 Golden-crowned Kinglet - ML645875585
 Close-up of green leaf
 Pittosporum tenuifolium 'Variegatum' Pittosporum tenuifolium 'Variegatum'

**ASSIGNMENT**
Restate the material word for word, keeping every line intact.

**RESULT OF THE EXERCISE**
 Golden-crowned Kinglet - ML645875585
 Close-up of green leaf
 Pittosporum tenuifolium 'Variegatum' Pittosporum tenuifolium 'Variegatum'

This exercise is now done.